How to Start an S Corp

There are two main ways to start an S corp:

  • By forming an LLC and electing S corp tax status from the IRS when you request your employee identification number (EIN)
  • By forming a corporation and electing S corp status from the IRS

Steps to Forming an LLC and Electing S Corp Status

Starting an LLC and electing S corp tax status is easy. You can use our guides to start an LLC with the S corp status yourself.

Recommended: If you have an existing LLC, visit our How to Convert an LLC to S Corp guide.

Six Basic Steps to Start an LLC and Elect S Corp Status:

Step 1: Select a State
Step 2: Name Your LLC
Step 3: Choose a Registered Agent
Step 4: File the Articles of Organization
Step 5: Create an Operating Agreement
Step 6: Get an EIN and File Form 2553 to Elect S Corp Tax Status


Step 1: Select Your State

Go to How to Start an S Corp to choose your state.


Step 2: Name Your LLC

You will need to provide your state with a unique name that is distinguishable from all registered names when you file your LLCs formation documents.

Our Business Name Generator and our How to Name a Business guide are free tools available to entrepreneurs that need help naming their business.

Step 3: Choose an LLC Registered Agent

Your LLC registered agent will accept legal documents and tax notices on your LLC’s behalf. You will list your registered agent when you file your LLC’s Articles of Organization.

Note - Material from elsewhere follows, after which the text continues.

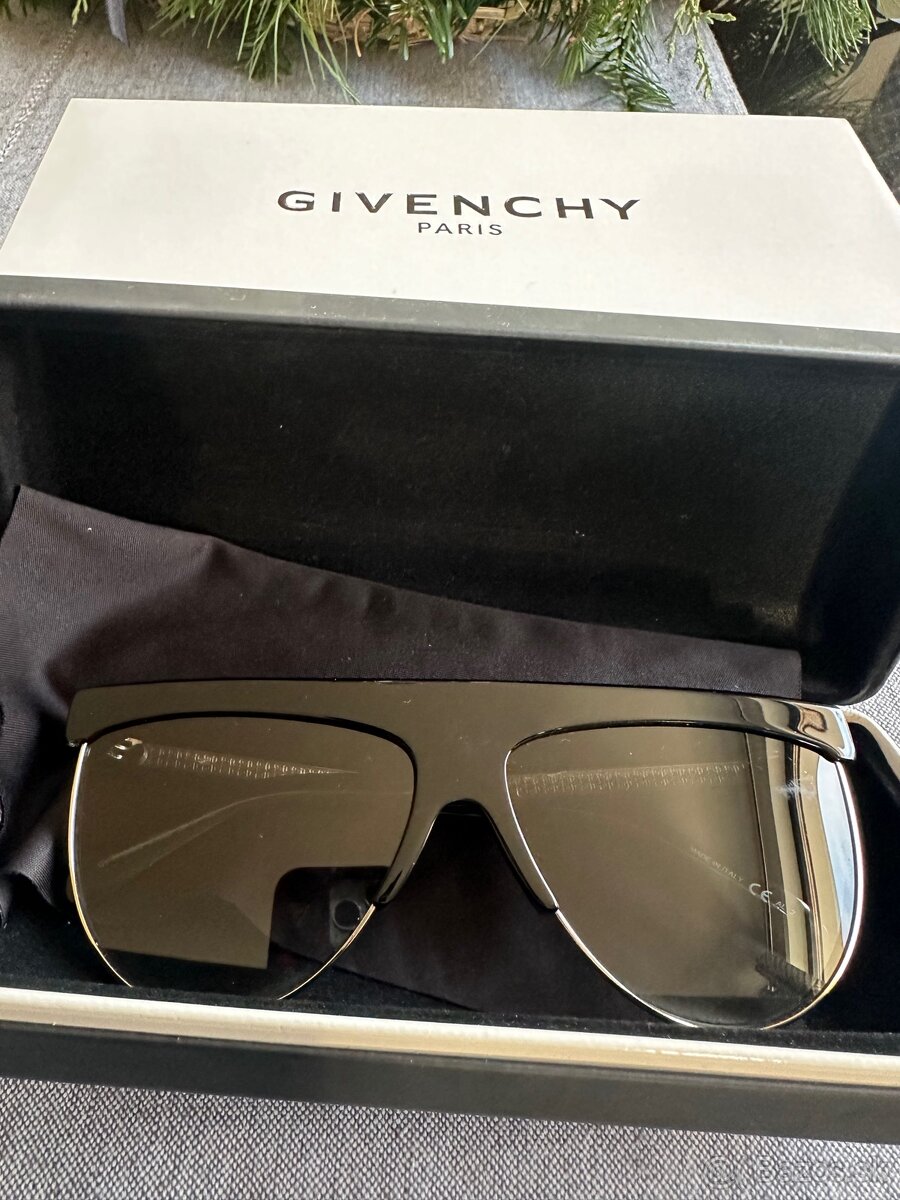 Givenchy okuliare nenosene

Step 4: File Your LLC’s Articles of Organization

The Articles of Organization, also known as a Certificate of Formation or a Certificate of Organization, is the document you will file to officially register an LLC with the state.

Step 5: Create an LLC Operating Agreement

An LLC operating agreement is a legal document that outlines the ownership and member duties of your LLC.

Our operating agreement tool is a free resource for business owners.

Step 6: Get an EIN and Complete Form 2553 on the IRS Website

An EIN is a number that is used by the US Internal Revenue Service (IRS) to identify and tax businesses. It is essentially a Social Security number for a business.

EINs are free when you apply directly with the IRS.

Elect S Corp Tax Status

During the online EIN application, the IRS will provide a link to Form 2553, the Election By a Small Business form. This is the form to elect S corp tax status for your LLC.